C’est alors qu’un groupe d’anciens combattants dans des factions politiques et religieuses
adverses ont choisi de se réunir et de marquer leur ferme opposition à la violence et
l’hostilité. C’est comme cela qu’est née l’association « Combattants pour la paix ».
Cette association, la seule au Liban qui regroupe d’anciens combattants appartenant à
des horizons politiques et religieux différents, ne cherche pas seulement à faire participer
les jeunes et les activistes de la société civile à son action, elle veut aussi intégrer dans
ses rangs le plus grand nombre possible d’anciens combattants pour parvenir à une paix
civile durable et réussir une réconciliation véritable au Liban. « Les combattants pour la
paix » affirment aussi qu’ils souhaitent dépasser les frontières du Liban pour élargir leur
expérience aux pays voisins qui traversent une guerre civile et connaissent une violence
terrible, comme la Libye, l’Irak et la Syrie. Comme les combattants d’hier sont devenus
militants pour la paix, ils visent à montrer à travers leurs témoignages et leurs expériences
aux combattants actuels qu’il leur est possible de trouver des voies pour sortir du cercle
vicieux de la violence dans lequel ils sont enfermés, et trouver la paix intérieure qui leur
permettra de pacifier leurs sociétés.
L’action de cette association dont l’objectif est de bâtir la paix, la cohésion sociale et la
réconciliation se fait sur six axes :
- La visite des écoles et des camps de réfugiés ainsi que d’autres établissements pour
organiser des débats et des échanges directs.

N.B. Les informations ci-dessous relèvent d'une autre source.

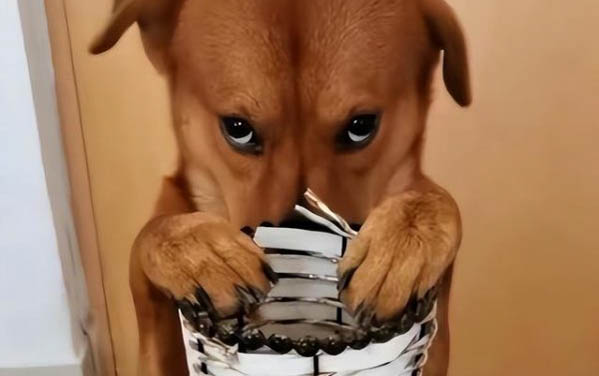 為什么狗狗在家里等你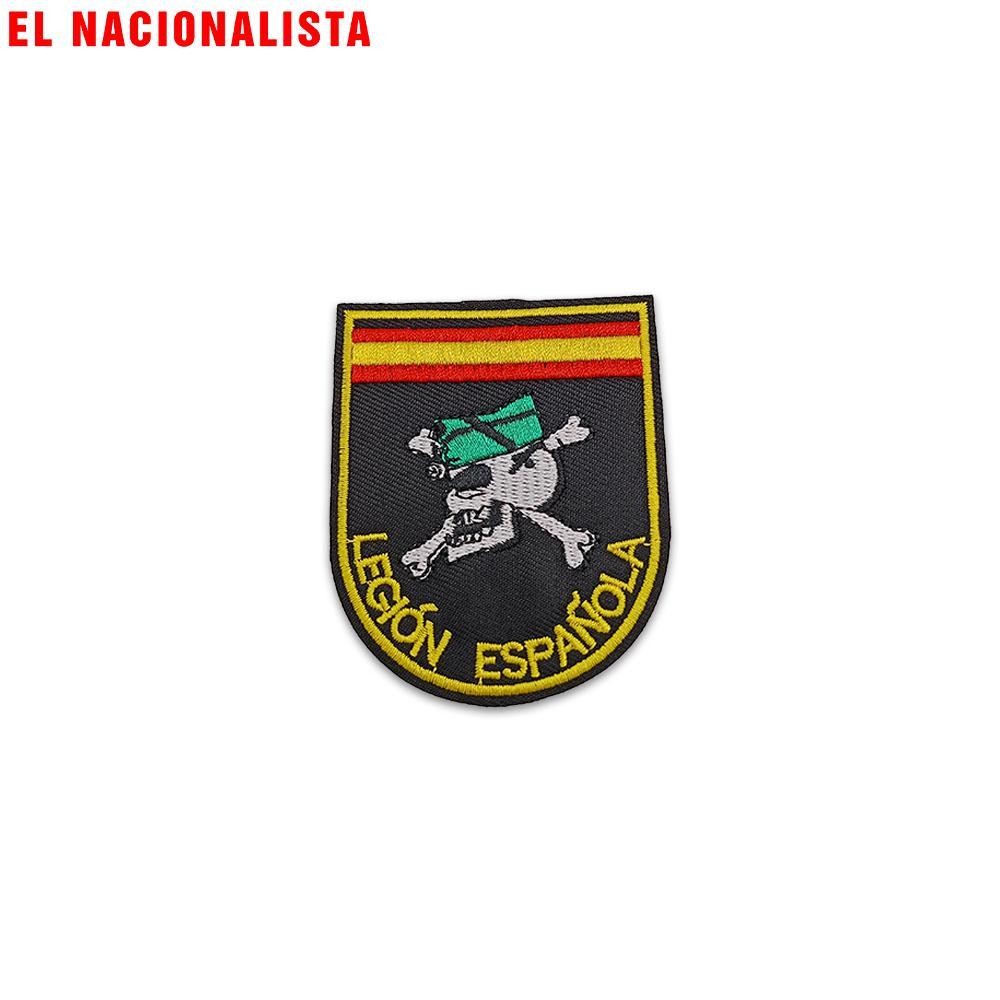 Parche Térmico Legión Española – Calavera Legionaria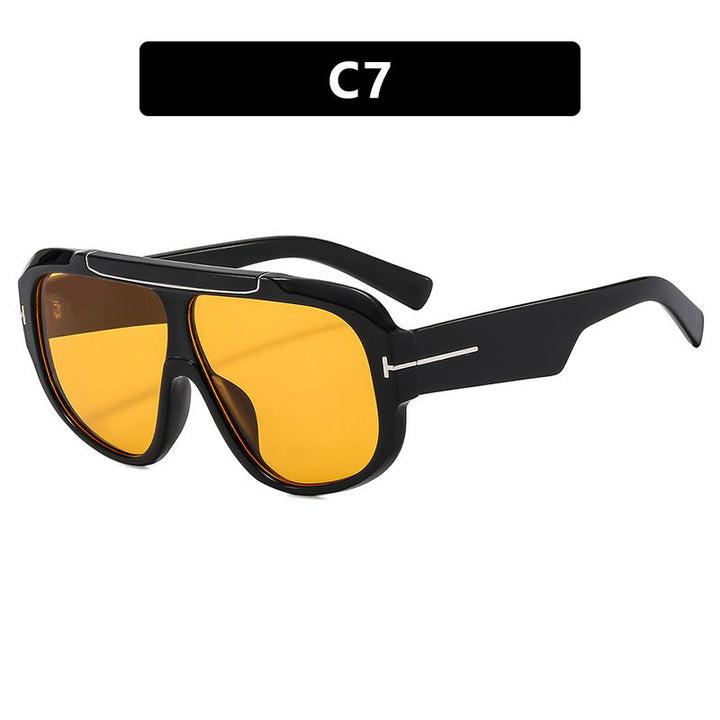 Ladies futuristic protectors sunglasses Kalsten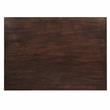 Bowery Hill Transitional Espresso Wood 7-Piece Counter Storage Dining Set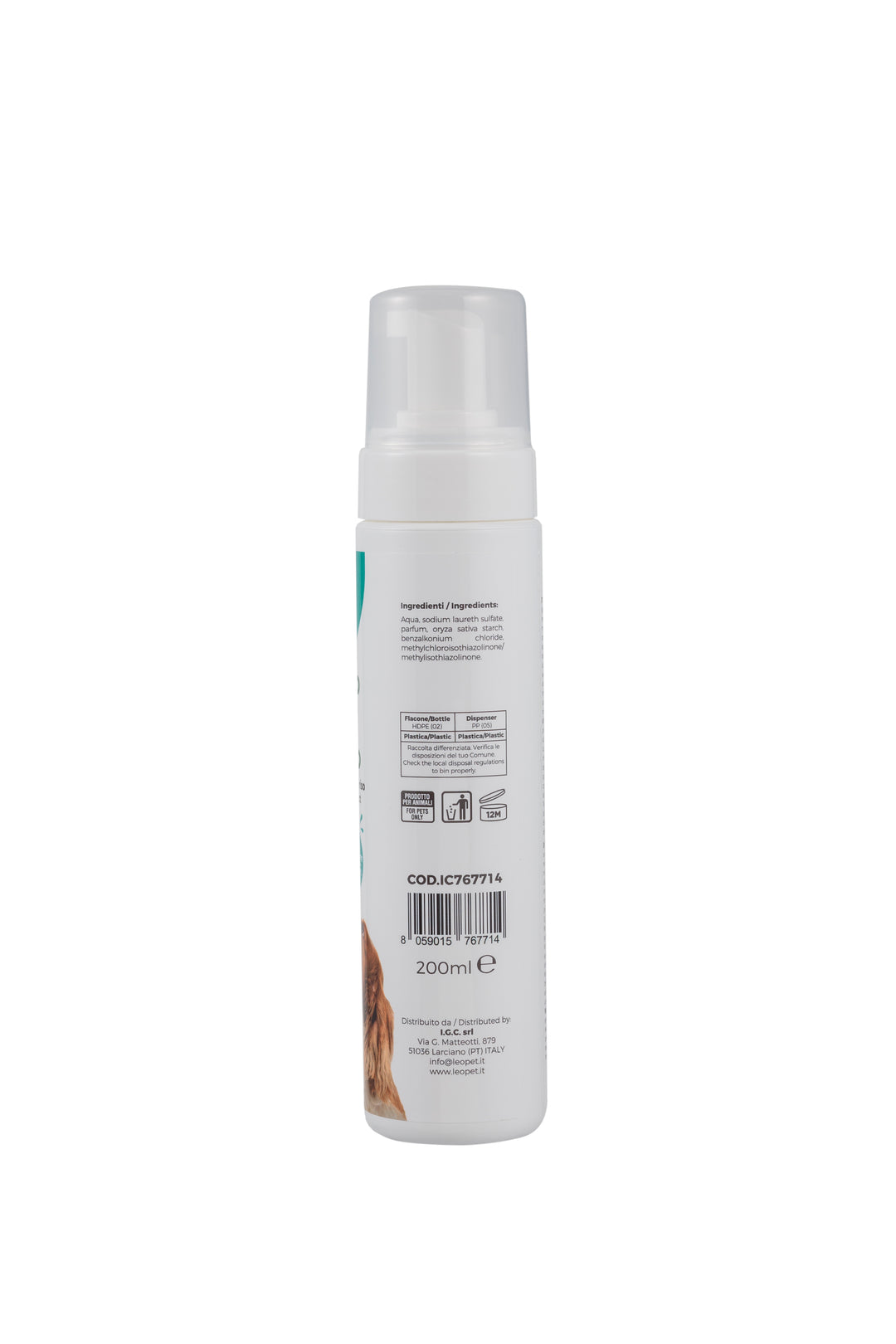 SHAMPOO A SECCO - 200ml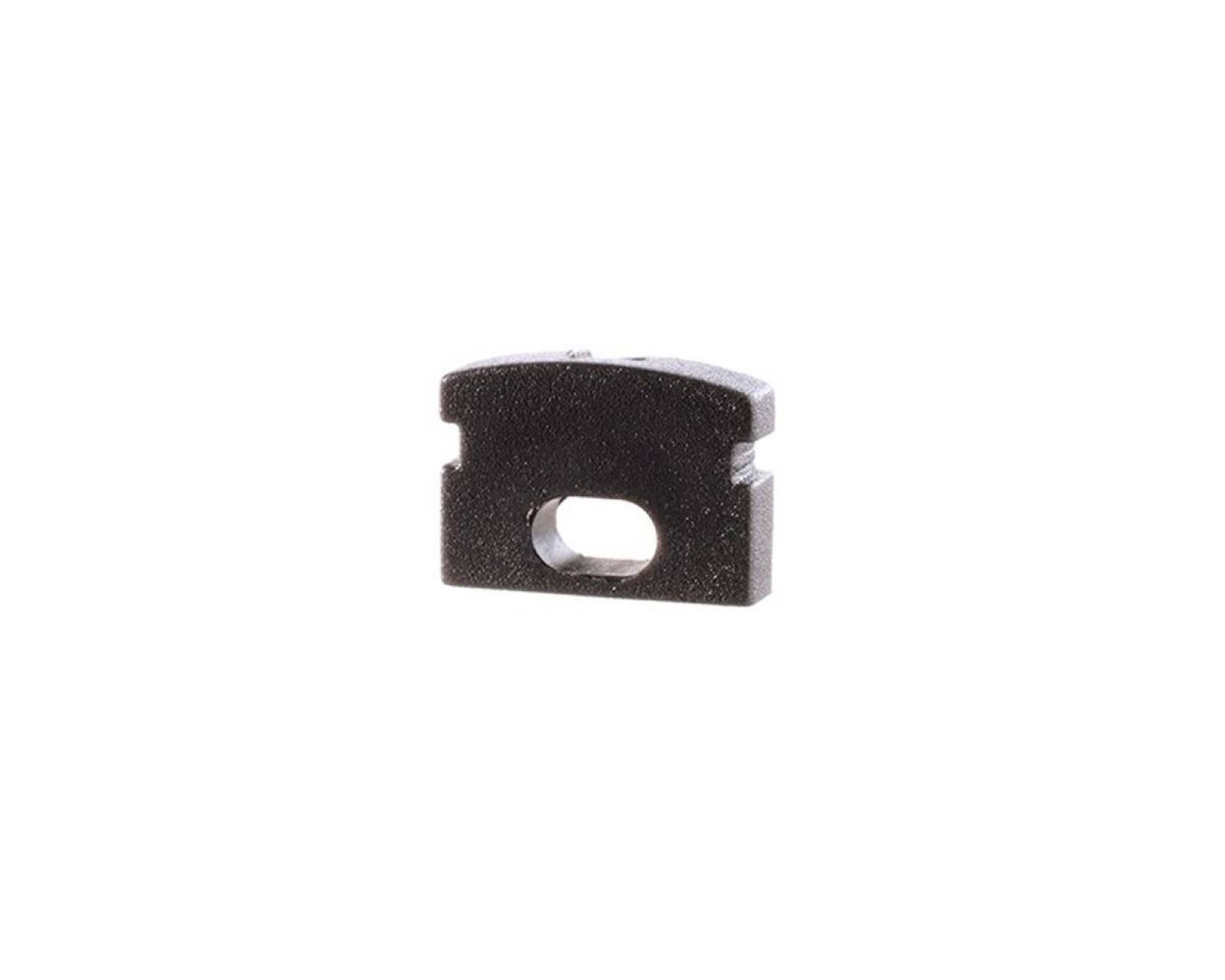 Reprofil Endkappe F-AU-01-05, Schwarz, 2 St�ck, Flach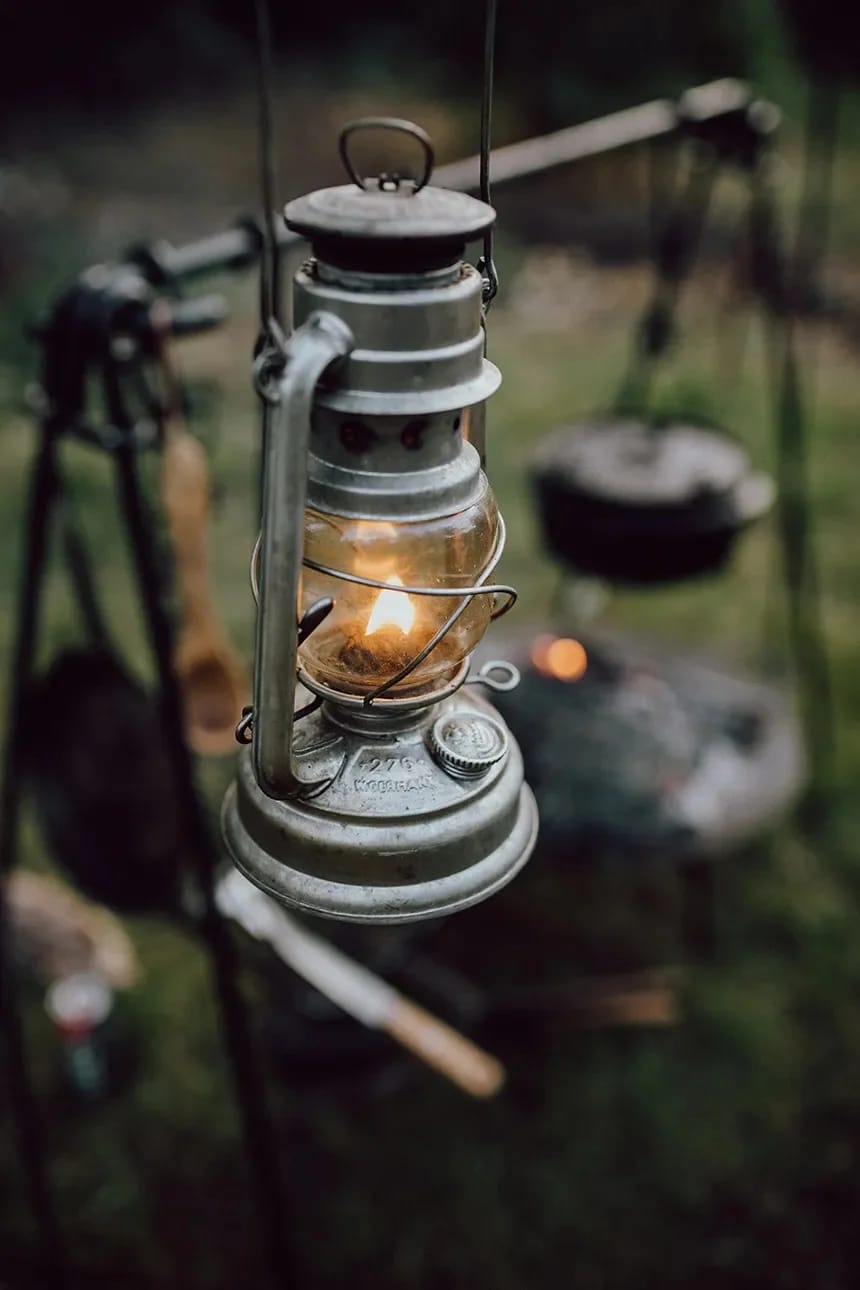 Лампа масляная Hurricane Lantern 276 25,5 х 15,5 см - фото 3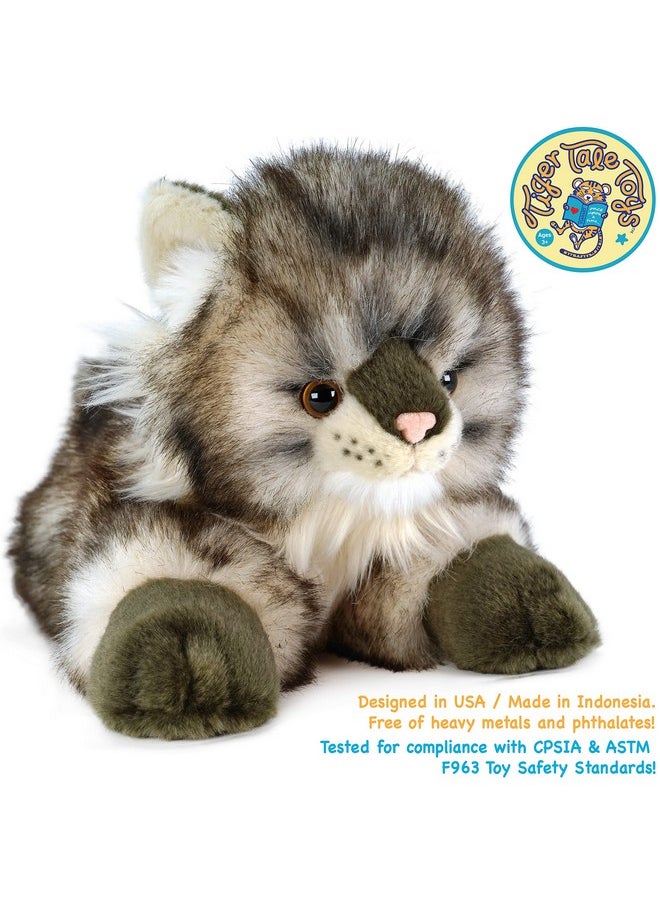 Ricky The Maine Coon | 16 Inch Stuffed Animal Plush | By Tigerhart Toys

- La création d’un musée électronique regroupant les témoignages des anciens
combattants et contribuant ainsi à forger une mémoire collective.
- L’établissement de contacts directs avec les collectivités locales à travers une participation
à des activités choisies.
- La mise en place d’un espace sûr de réflexion, de méditation, de soutien moral et social
aux anciens combattants.
- Offrir des formations autour de la construction de la paix et de la réconciliation.
- Établir des contacts avec d’anciens ou d’actuels combattants dans d’autres pays.